Exercise directions:
Write out exactly, with both ends included, the lines that run from the line containing "Palm Angels Babies'" to the end of the entries. Pictures are not part of the answer.

- Opening Delimiter -

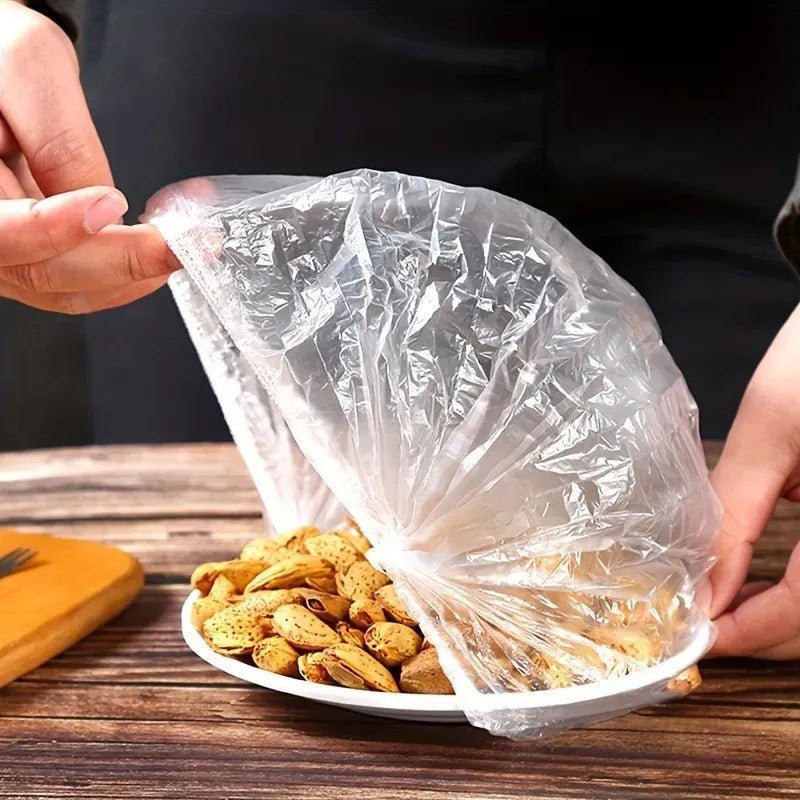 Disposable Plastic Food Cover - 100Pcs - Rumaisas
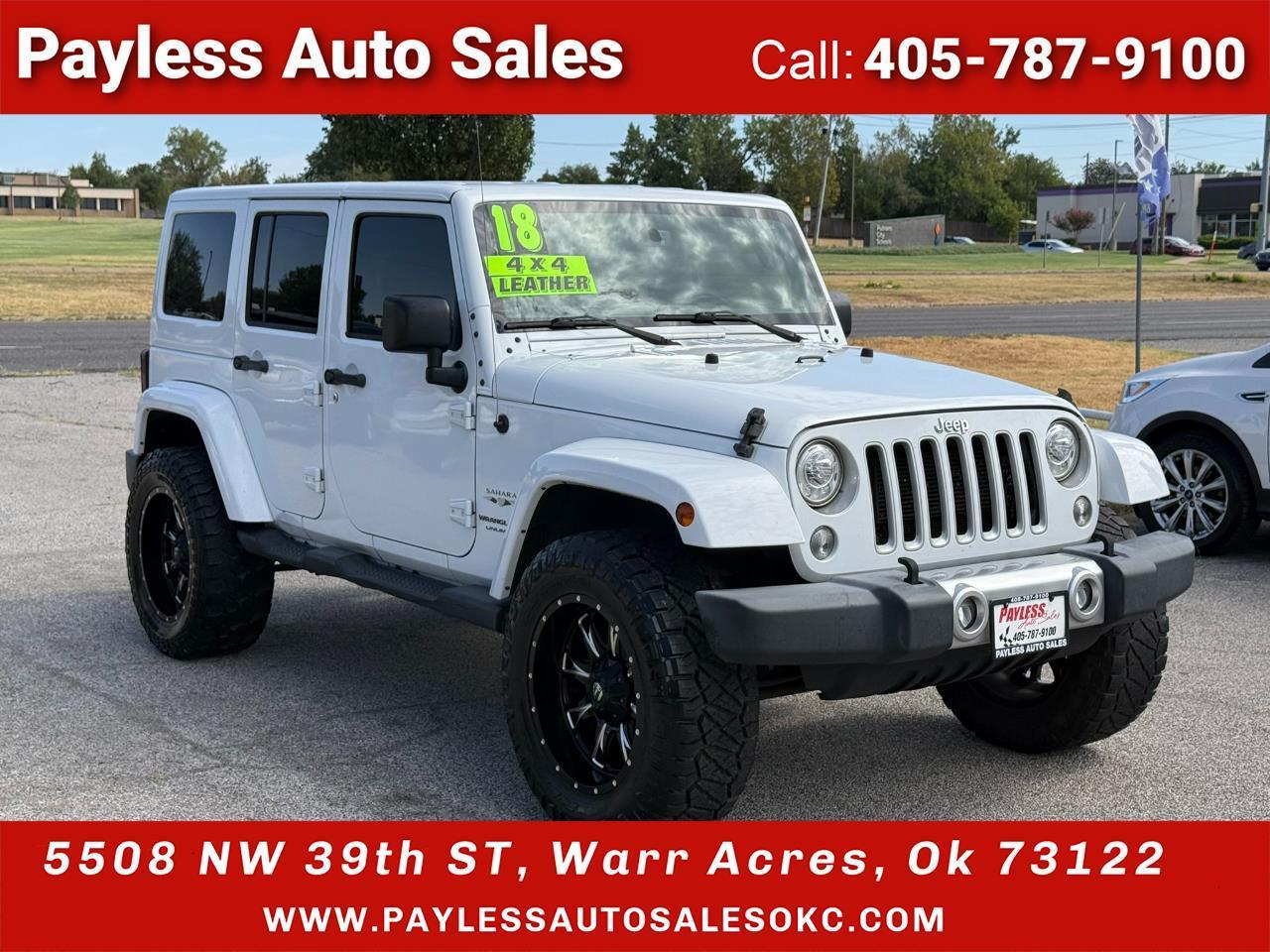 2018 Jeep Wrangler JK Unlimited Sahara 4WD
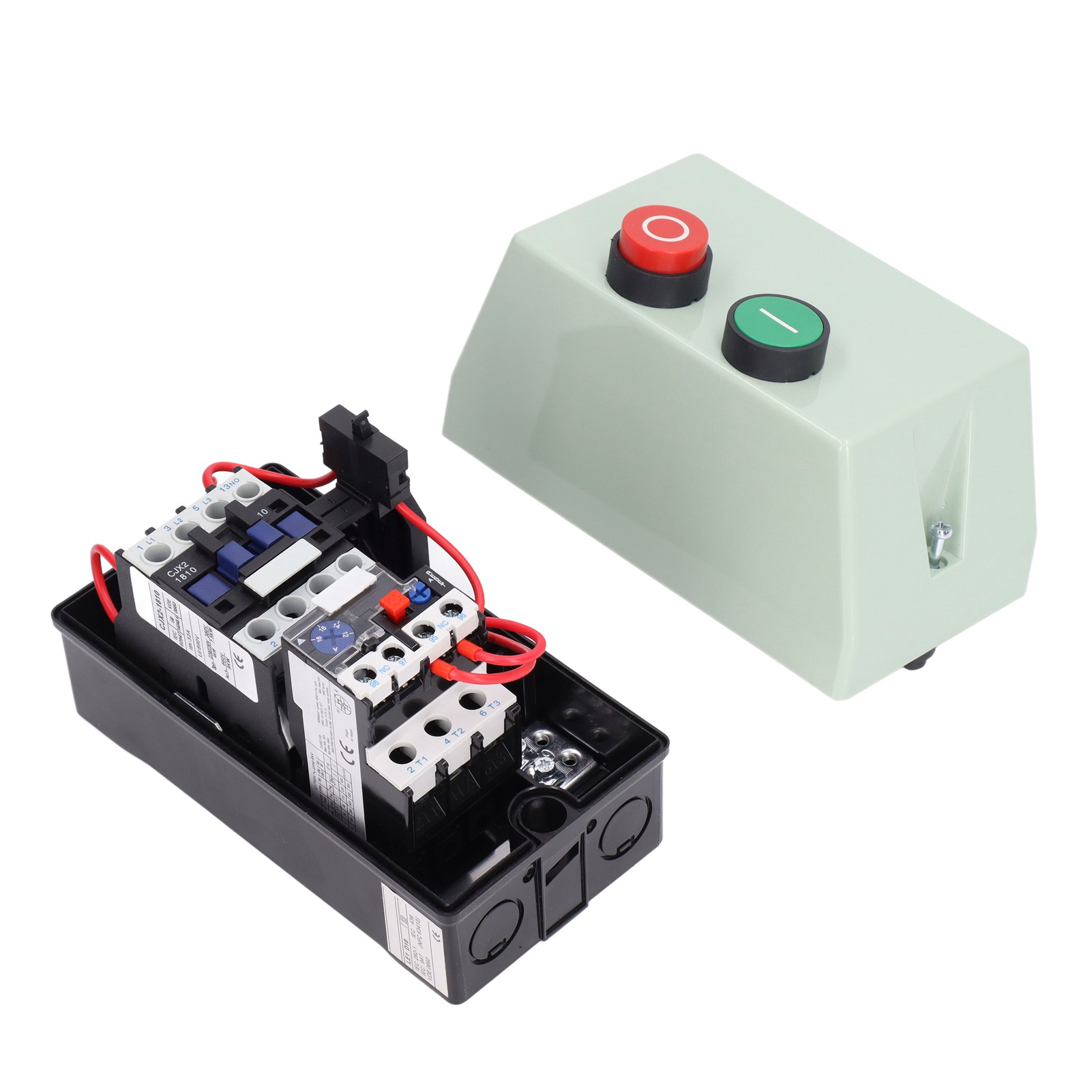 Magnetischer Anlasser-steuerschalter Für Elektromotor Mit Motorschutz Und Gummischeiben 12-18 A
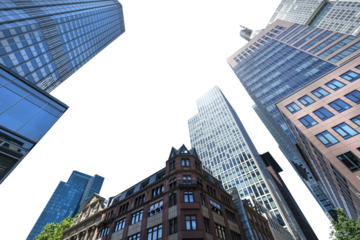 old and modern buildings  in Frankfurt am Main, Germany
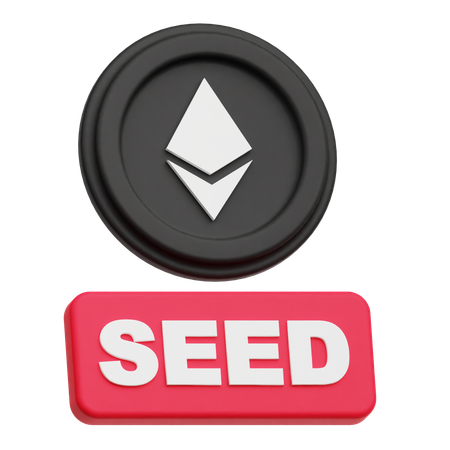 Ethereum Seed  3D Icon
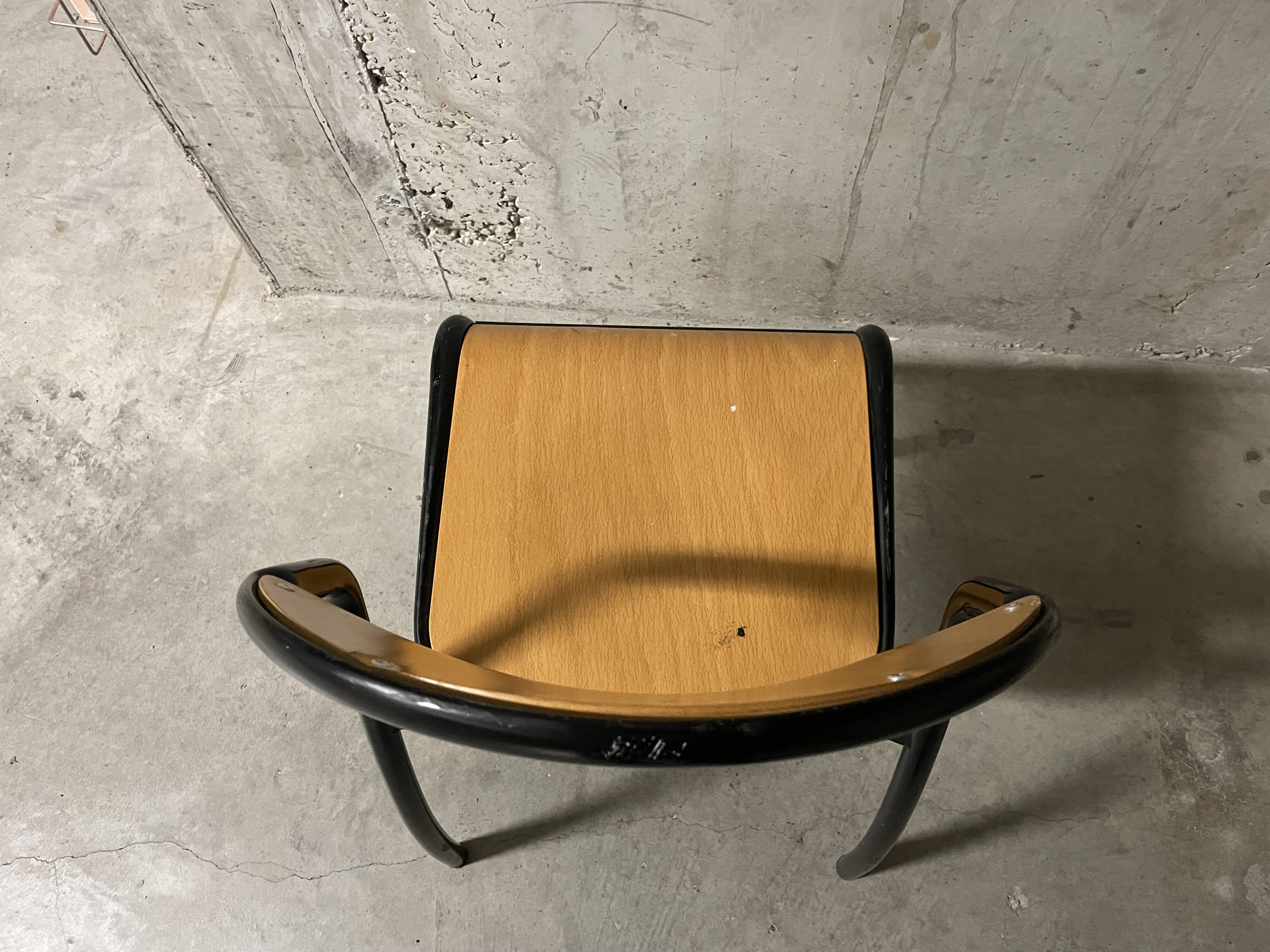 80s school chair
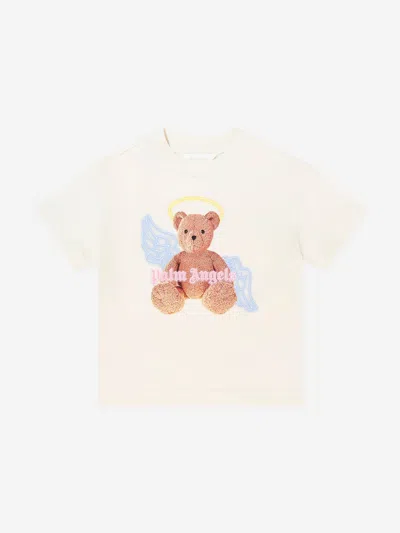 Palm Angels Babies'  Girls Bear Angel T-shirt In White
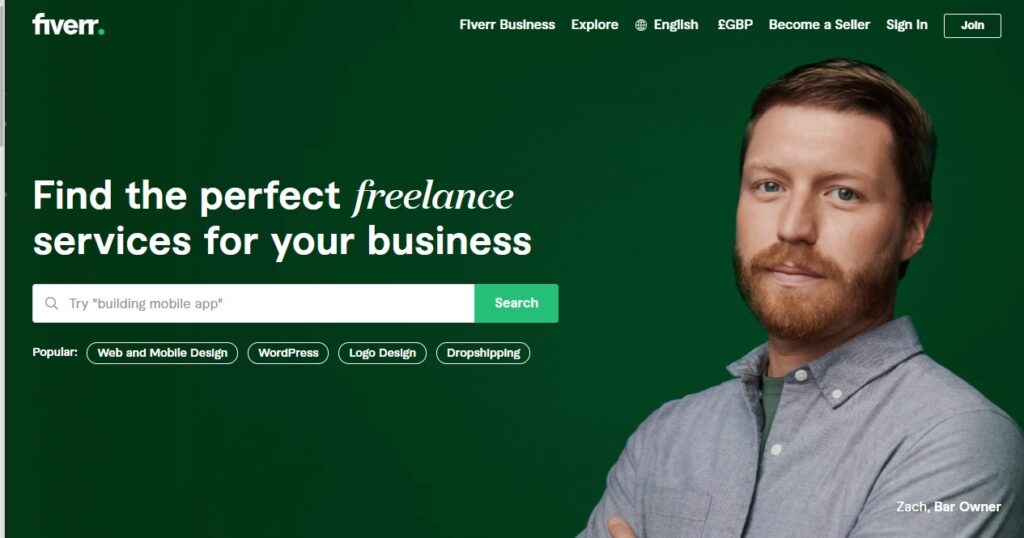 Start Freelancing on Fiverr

- Closing Delimiter -

Written solution:
 Palm Angels Babies'  Girls Bear Angel T-shirt In White
 Start Freelancing on Fiverr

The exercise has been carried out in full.